The episode shows the original characters that we know and love, paying tribute to Finn through songs. Cause of death was a blur, with Kurt saying:
‘”Everyone wants to talk about how he died too, but who cares? One moment in his whole life — I care more about how he lived.”
But for me, I would rather know why. It would give me some kind of closure. Maybe it will be revealed in later episodes? Who knows. But I don’t really like to be kept in the dark. It was a bit too sudden, like a huge plot hole that you would normally whine about if it wasn’t for the fact that we are dealing with the real sudden death of the actor who played Cory.
So we see how everyone handled his death. I really, really felt the sadness in Santana. She sang ‘If I die young’ by The Band Perry and broke down and ran out of the room in the middle of the song crying. Naya is a good singer but she NAILED that song. Seriously. If you listen to the whole song, it’s just too beautiful. I was sort of fine until I heard her sing. I was tearing up, and I would still do everytime I hear it.

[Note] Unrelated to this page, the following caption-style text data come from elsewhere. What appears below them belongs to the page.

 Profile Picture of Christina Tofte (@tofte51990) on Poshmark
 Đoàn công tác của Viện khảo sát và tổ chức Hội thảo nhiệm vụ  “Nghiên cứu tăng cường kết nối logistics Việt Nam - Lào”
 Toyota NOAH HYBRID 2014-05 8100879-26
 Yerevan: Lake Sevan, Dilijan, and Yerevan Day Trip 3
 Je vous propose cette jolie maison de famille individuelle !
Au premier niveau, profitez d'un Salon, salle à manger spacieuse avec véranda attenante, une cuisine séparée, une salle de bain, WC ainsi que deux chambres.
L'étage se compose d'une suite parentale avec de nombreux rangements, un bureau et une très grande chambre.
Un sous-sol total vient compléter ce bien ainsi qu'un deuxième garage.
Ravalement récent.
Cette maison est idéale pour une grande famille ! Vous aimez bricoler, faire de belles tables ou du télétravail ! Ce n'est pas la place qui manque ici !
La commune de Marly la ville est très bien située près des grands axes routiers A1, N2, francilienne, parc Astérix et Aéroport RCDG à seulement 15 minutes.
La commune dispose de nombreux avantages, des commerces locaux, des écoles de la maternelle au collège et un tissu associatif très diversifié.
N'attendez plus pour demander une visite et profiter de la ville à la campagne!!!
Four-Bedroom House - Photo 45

The good thing is that despite all the mourning, the sadness, the crying, the writers managed to slip in some humor in so it lightened the depressing mood for a bit. Sue Sylvester was handling the death like she would, by being the cold-hearted bitch that she is and when Santana stood up to her, it was like damn. It was a happy moment.
Then Rachel appears.
Rachel didn’t appear until almost at the end, about 45 minutes into the episode. When she appeared, she sang ‘Make You Feel My Love‘. That was it. I broke down as well when she did. I seriously was bawling my eyes out. You could tell it was not only Rachel, it was the real Lea singing and shedding tears for Cory. Even though she didn’t have much screen time, but her short appearance made a huge impact. I felt the whole time it was also Lea crying about Cory. It was genuine and not part of acting, and that’s what made it so heartbreaking. The sadness and the tears from everyone else were real, and you could feel it.
There was also a part where Santana wanted Finn’s jacket back and that somebody stole it and everybody thought it was Puck. At the end it was revealed that it was actually Mr Schue. He’s been holding back since the beginning until at the very end when he has an emotional break down as well.

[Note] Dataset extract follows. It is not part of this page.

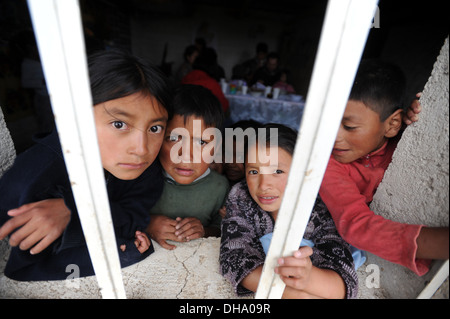 Guatemala bambini indigeni a casa in Caserio Panuca, Solola, Guatemala. Foto Stock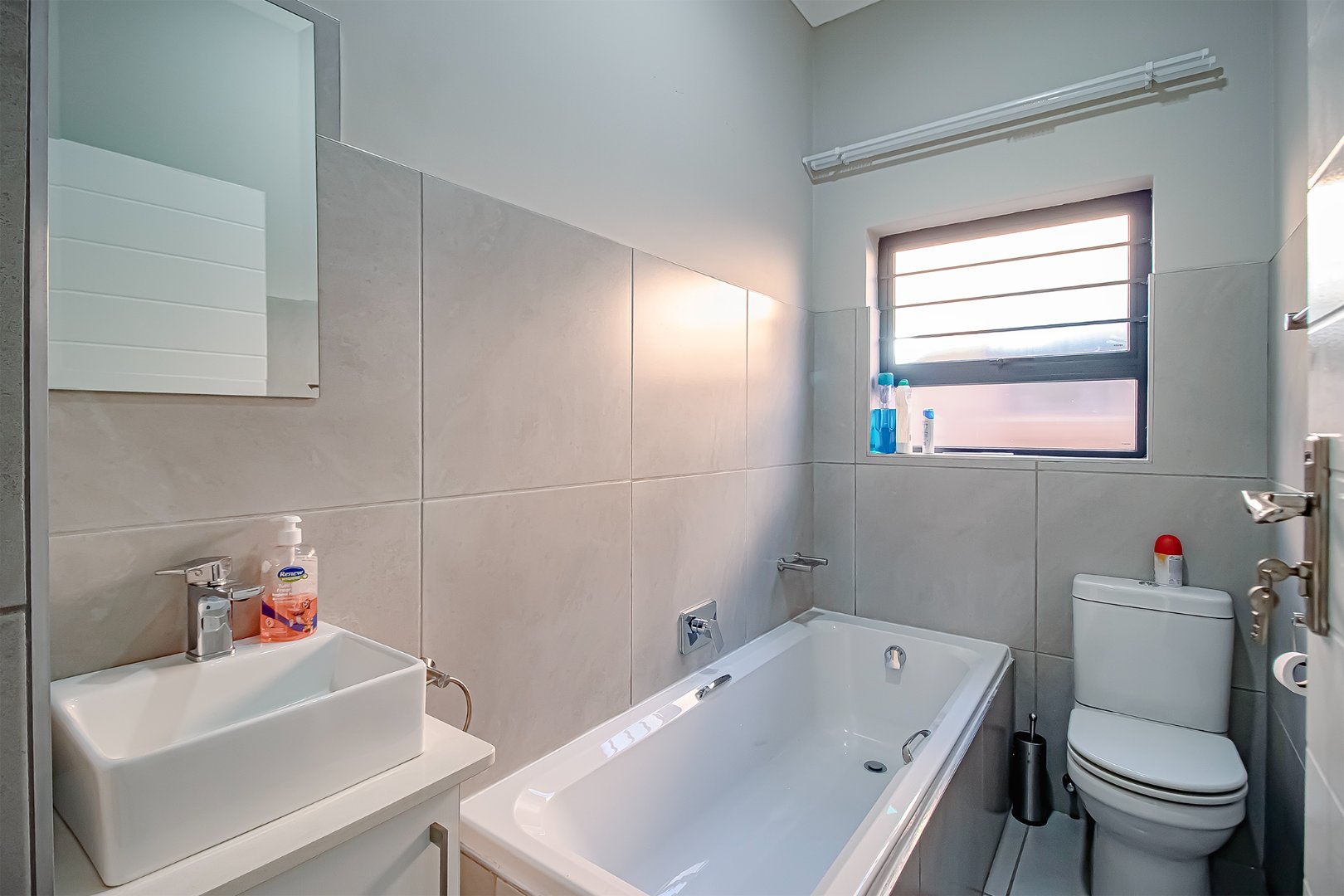 Stylish two bedroom simplex for sale in Annlin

My emotion has already been fragile this past few days with so much shit happening to me, so this episode was bad for me. I just wished that Mr Schue also pays a singing tribute to Finn and that Quinn Fabray is included. I know Brittany didn’t appear due to the fact that in reality Heather was pregnant but why not Diana? The character Quinn was a huge part in Finn’s life before Rachel. She was Finn’s gf, and also pretended to be carrying Finn’s baby. So to not have her pay a tribute feels like something is missing. I also wished there was a montage of Finn with unseen footage at the end but it didn’t happen.
I would not be watching this episode again. Or maybe once more in HD since I was watching an average quality streaming TV online. It’s just too sad due to the fact that it feels we are mourning for Finn AND Cory. It wouldn’t be as heartbreaking if we just know only the character is killed off the show, or Cory died battling a sickness and we have time to prepare for it. It was the fact that he died so suddenly that makes everything just so hard to watch.
It was the night (morning for me) when we, the fans, mourn together with the characters, the cast and the crews.